The journey itself had been surprisingly pleasant, punctuated by extremely heavy rain. The bus at times riding through flooded sections of road. My first impression of Seville, however, was less than ideal. Apart from it still raining, I was stranded at a bus station at 11 at night, with no idea where I was in relation to the city centre. Fortuitously, I stumbled upon a cheap hotel/hostel just down the street. The room was tiny and windowless, save for a tiny louvred slot in the wall. It would suffice for the night; I'd find somewhere better tomorrow. During the night, I was serenaded by the sound of torrential rain gushing from a broken gutter.
My first full day in Seville began with a quest for breakfast. A quick walk around the neighborhood confirmed I wasn't exactly in the heart of the tourist district. The area was dotted with 24-hour ethnic shops and had a vibrant, if slightly gritty, energy. More importantly, I felt comfortable walking around. Back in my windowless room (or 'cell, as it felt), I watched the morning news. Southern Spain had been battered by the previous days storms; ten people were dead, and images of cars and houses swept away in Malaga (only about 100 kilometres away) filled the screen. Spanish TV also showed something the BBC would likely never air: thousands of dead pigs, piled in the mud where the floods had ravaged their farms. The local news mentioned Seville's own misfortune: its first rain in six months.
Seville is a magnificent city, and its old quarter deserved a full day of exploration. I spent considerable time in Seville Cathedral, primarily seeking refuge from the now-persistent rain. Unfortunately, every other tourist in Seville had the same idea. The rain didn't let up all day. The decision to stay put in my tiny, windowless room was an easy one. I made a half-hearted attempt to find other lodgings but ultimately resigned myself to my 'cell'. I spent the evening watching bullfighting on television. It had recently returned to the airwaves after a period of being banned, and I found it strangely compelling. Just as the final, fatal stab was about to be delivered, the broadcast cut back to the studio for the 'experts' commentary. I, like most civilised people dislike bullfighting, and the matador's arrogance really grated on me. I found myself hoping the bull would inflict some damage on the smug S.O.B.
I peered out the corridor window, confirming my fears: it was indeed raining, and still quite heavily. Despite the weather, I was determined to leave this windowless hotel room. Continuing on to Cádiz by bike was out of the question. Instead, I decided to explore Seville's parks and outlying areas of interest, then find new accommodation.
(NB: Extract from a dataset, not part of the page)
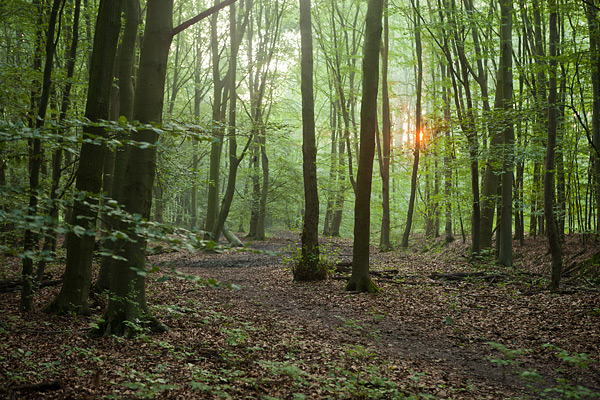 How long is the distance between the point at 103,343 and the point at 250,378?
201cm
Out on the street, the rain wasn't quite as intense as the previous day, but I was soon soaked. I cycled through Seville's more affluent districts, with their grand houses lining palm-tree-lined streets. Today, however, these streets were flooded, the water reaching about 10-15 centimetres deep, especially at intersections. The problem seemed to be leaves clogging the drains. I found cycling easier than driving; cars were struggling, while I navigated the flooded streets with relative ease. I cycled out to the motorway junction where my road south began, only to find it clearly impassable. It followed an old railway track and was flooded to an unknown depth.
What to do? The answer was simple: train. A comfortable two-hour journey to Cádiz was far more appealing than a minimum of three days cycling, especially considering the conditions. During the train ride, I followed my planned cycling route on the map. It was a huge relief to see I'd made the right decision; all the low-lying areas were submerged.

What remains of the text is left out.